Guess I can't 'read between the lines' about a trans brake or nitrous, either!
#8
And a 9" Furd bolts right in?
Needs nothing?
I agree - stronger, and if he had a bigger car, fine, but with a G-body, at about 3800 max, a 12-bolt will probably save some money that could be used elsewhere!
Guess I can't 'read between the lines' about a trans brake or nitrous, either!
Needs nothing?
I agree - stronger, and if he had a bigger car, fine, but with a G-body, at about 3800 max, a 12-bolt will probably save some money that could be used elsewhere!
Guess I can't 'read between the lines' about a trans brake or nitrous, either!
random examples
http://www.quickperformance.com/Products/housings.htm
http://www.moserengineering.com/comp...figurator.html
#9
And a 9" Furd bolts right in?
Needs nothing?
I agree - stronger, and if he had a bigger car, fine, but with a G-body, at about 3800 max, a 12-bolt will probably save some money that could be used elsewhere!
Guess I can't 'read between the lines' about a trans brake or nitrous, either!
Needs nothing?
I agree - stronger, and if he had a bigger car, fine, but with a G-body, at about 3800 max, a 12-bolt will probably save some money that could be used elsewhere!
Guess I can't 'read between the lines' about a trans brake or nitrous, either!
back when I had my G-body it was cheaper to by a bolt in 9" housing than to build a 12 bolt.

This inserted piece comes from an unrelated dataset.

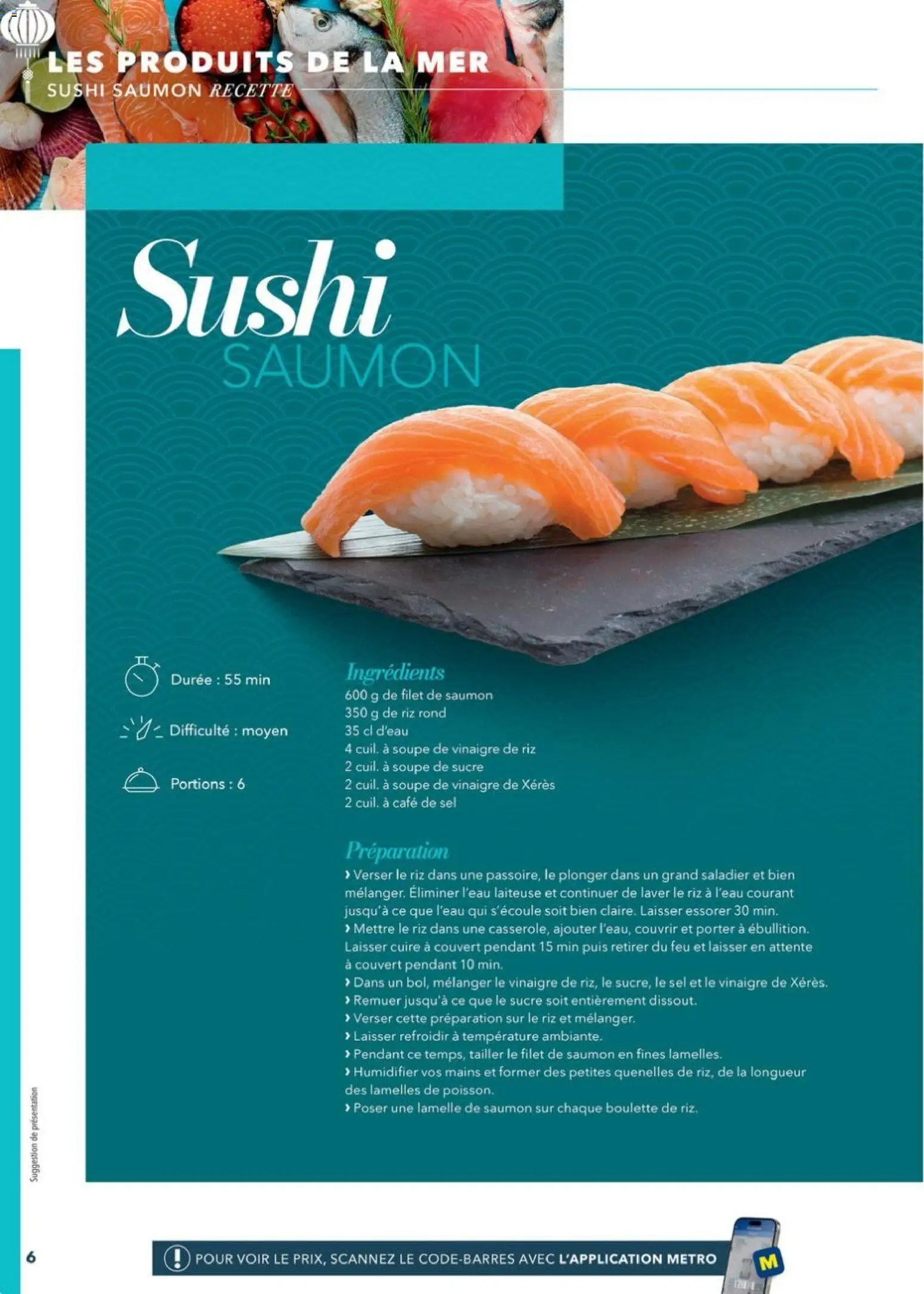 {H1} | Page: 6 | Produits: Sel, Sushi, Filet de saumon, Café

In fact the first version of it cost me about $500.00 I bought a complete rear out of a truck and a bolt in 9" housing. Had the axles cut down and drilled for GM pattern and swapped it all over. Back when it was a mild 400 hp street car and worked fine. When I sold it it was close a 900 hp car and still had the same bolt in housing but of course by then it was all trick internals... MW aluminum center, 35 spine axles, Wilwood brakes ect. Another really cool thing about the 9" is how easy it is to swap gears. When I went in Power Tour in it all I had to do is swap in a different carrier with highway friendly 3.50 gears and next weekend back to the 4.30's
#10
7.5 rear differentail options for strength
Hey guys is there anything I can do to make my 7.5 rear differential strong enough so I can run this year? I have a lot of people coming out to watch me race from the Springs and all over, so I would really like to run. I am willing to take advice and not run this rear end if it is going to possibly hurt me or my car, I just do not have the time to change my rear end and have a drive shaft made. I was thinking to start with a C-clip eliminator kit with a set of 28 spline axles with my locker. Also I could skip the burn out box and not run it as hard as I usually would, and use regular tires instead of slicks.
#11
Read through this thread and check out the video. I'd say you should do the rear end before racing!
https://classicoldsmobile.com/forums...ded-video.html
https://classicoldsmobile.com/forums...ded-video.html
#12
12 bolt out of a 1970 Cutlass
My friend has a 12 bolt rear differential out of a 1969 or 1970 Cutlass. My question is what would it take to bolt it into my G-body? Is it worth it? Or would it cost more than it is worth? Thanks
#14
I had the same problem with the Le Mans I bought.
Previous owner tried to graft in a 73-77 version.
They are totally different.
The drive line did not line up,as the rear pinion was canted upwards and the spring perches were wrong.
Previous owner tried to graft in a 73-77 version.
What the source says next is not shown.